## Crawled caption data
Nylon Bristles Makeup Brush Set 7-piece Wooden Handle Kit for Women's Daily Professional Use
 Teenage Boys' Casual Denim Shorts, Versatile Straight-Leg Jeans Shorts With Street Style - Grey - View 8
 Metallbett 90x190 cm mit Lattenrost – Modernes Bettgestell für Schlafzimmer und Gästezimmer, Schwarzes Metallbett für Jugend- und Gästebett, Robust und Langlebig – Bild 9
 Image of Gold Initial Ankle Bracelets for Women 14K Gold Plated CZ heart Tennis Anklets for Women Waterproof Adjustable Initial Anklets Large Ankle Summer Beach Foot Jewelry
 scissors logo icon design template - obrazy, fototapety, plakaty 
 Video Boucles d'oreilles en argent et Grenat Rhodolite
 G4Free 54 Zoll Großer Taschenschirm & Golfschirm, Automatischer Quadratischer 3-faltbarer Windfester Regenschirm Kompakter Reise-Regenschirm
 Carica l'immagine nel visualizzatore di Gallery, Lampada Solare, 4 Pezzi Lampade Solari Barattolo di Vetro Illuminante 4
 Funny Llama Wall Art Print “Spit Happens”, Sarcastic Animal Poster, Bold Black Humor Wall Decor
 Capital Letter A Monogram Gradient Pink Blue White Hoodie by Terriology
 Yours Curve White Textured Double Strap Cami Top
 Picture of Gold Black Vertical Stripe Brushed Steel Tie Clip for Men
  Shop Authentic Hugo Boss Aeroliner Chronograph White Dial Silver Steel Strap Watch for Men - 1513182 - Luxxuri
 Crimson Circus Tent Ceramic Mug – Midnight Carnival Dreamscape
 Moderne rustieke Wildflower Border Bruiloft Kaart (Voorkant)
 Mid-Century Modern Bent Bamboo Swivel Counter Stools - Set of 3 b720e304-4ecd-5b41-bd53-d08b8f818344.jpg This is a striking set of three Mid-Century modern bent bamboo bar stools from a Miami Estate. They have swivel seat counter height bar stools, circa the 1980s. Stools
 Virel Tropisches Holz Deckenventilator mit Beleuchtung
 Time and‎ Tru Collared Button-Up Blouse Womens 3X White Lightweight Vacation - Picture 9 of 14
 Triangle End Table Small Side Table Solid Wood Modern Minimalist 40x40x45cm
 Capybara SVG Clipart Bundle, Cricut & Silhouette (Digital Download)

## What is required
Every line above needs to be repeated exactly as shown.

## Solution to the exercise
Nylon Bristles Makeup Brush Set 7-piece Wooden Handle Kit for Women's Daily Professional Use
 Teenage Boys' Casual Denim Shorts, Versatile Straight-Leg Jeans Shorts With Street Style - Grey - View 8
 Metallbett 90x190 cm mit Lattenrost – Modernes Bettgestell für Schlafzimmer und Gästezimmer, Schwarzes Metallbett für Jugend- und Gästebett, Robust und Langlebig – Bild 9
 Image of Gold Initial Ankle Bracelets for Women 14K Gold Plated CZ heart Tennis Anklets for Women Waterproof Adjustable Initial Anklets Large Ankle Summer Beach Foot Jewelry
 scissors logo icon design template - obrazy, fototapety, plakaty 
 Video Boucles d'oreilles en argent et Grenat Rhodolite
 G4Free 54 Zoll Großer Taschenschirm & Golfschirm, Automatischer Quadratischer 3-faltbarer Windfester Regenschirm Kompakter Reise-Regenschirm
 Carica l'immagine nel visualizzatore di Gallery, Lampada Solare, 4 Pezzi Lampade Solari Barattolo di Vetro Illuminante 4
 Funny Llama Wall Art Print “Spit Happens”, Sarcastic Animal Poster, Bold Black Humor Wall Decor
 Capital Letter A Monogram Gradient Pink Blue White Hoodie by Terriology
 Yours Curve White Textured Double Strap Cami Top
 Picture of Gold Black Vertical Stripe Brushed Steel Tie Clip for Men
  Shop Authentic Hugo Boss Aeroliner Chronograph White Dial Silver Steel Strap Watch for Men - 1513182 - Luxxuri
 Crimson Circus Tent Ceramic Mug – Midnight Carnival Dreamscape
 Moderne rustieke Wildflower Border Bruiloft Kaart (Voorkant)
 Mid-Century Modern Bent Bamboo Swivel Counter Stools - Set of 3 b720e304-4ecd-5b41-bd53-d08b8f818344.jpg This is a striking set of three Mid-Century modern bent bamboo bar stools from a Miami Estate. They have swivel seat counter height bar stools, circa the 1980s. Stools
 Virel Tropisches Holz Deckenventilator mit Beleuchtung
 Time and‎ Tru Collared Button-Up Blouse Womens 3X White Lightweight Vacation - Picture 9 of 14
 Triangle End Table Small Side Table Solid Wood Modern Minimalist 40x40x45cm
 Capybara SVG Clipart Bundle, Cricut & Silhouette (Digital Download)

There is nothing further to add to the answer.